I used to work in airline safety. United's new video has good intentions, but I don't think it will make passengers any less distracted.

Taylor Rains   

I used to work in airline safety. United's new video has good intentions, but I don't think it will make passengers any less distracted.
  • United Airlines' new inflight safety video is creative but also extremely distracting.
  • The video's busy and engaging theatrics overshadow key safety information.

I didn't retain much from United Airlines' new inflight safety video.
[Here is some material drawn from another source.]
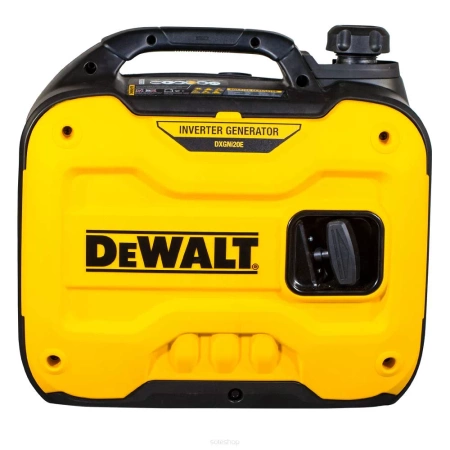 Inverter-Stromerzeuger 2000W DeWalt DXGNi20E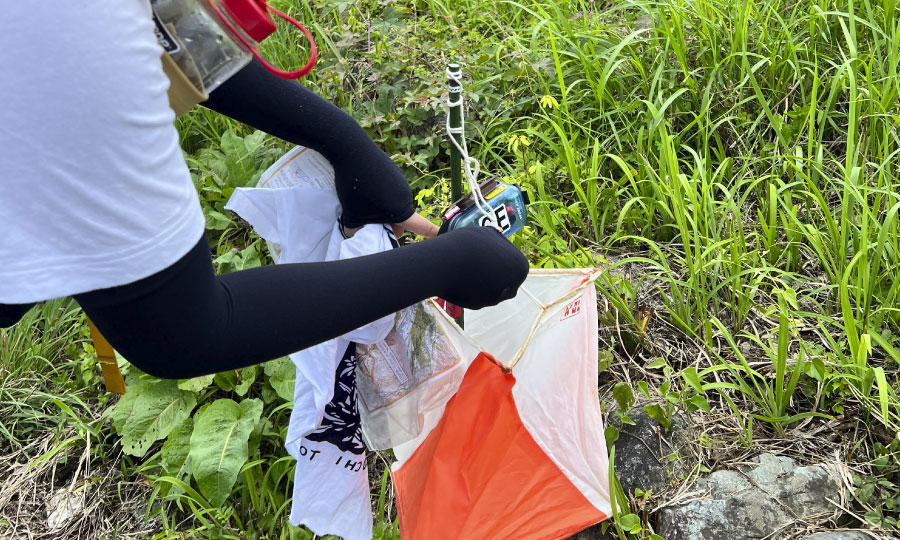 OMM LITEのチェックポイント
And I doubt passengers will either.

The video, released on Thursday, is the latest in United's series of entertaining briefings that attempt to combine required safety and fun into a heavily regulated part of flying.

The mini-movie follows a shiny blue ball as it snakes its way through lively and colorful sets that focus on key safety information, like seatbelt usage and how to use the oxygen mask.

In a press release, United said the video was designed with the goal of capturing the focus of passengers clearly and succinctly in hopes the creative scenes and transitions will help people pay more attention to its emergency instructions — especially frequent flyers who have likely memorized the spiel by now.

"The safest safety video is one that people will want to watch even on your 45th viewing," United's creative director, Meg Mitchell, who oversaw production, told NPR. "People start to tune out. And so we wanted something that felt like you could watch over and over and over again and still want to pay attention to."

However, the blue ball isn't just rolling slowly across the screen — it's bouncing across windows, knocking down dominoes, and being launched across seats. All the while, the crewmembers are simultaneously giving safety instructions and demonstrating the equipment.

I found the theatrics to be distracting

As someone who worked in airline safety before becoming an aviation journalist, I understand United is using entertainment to get people to focus on the video instead of their phones.

Despite good intentions, the video's in-your-face theatrics are just as distracting.

Throughout the entire video, I found myself focusing more on where the ball was going next in its winding web of tracks rather than on the core safety message.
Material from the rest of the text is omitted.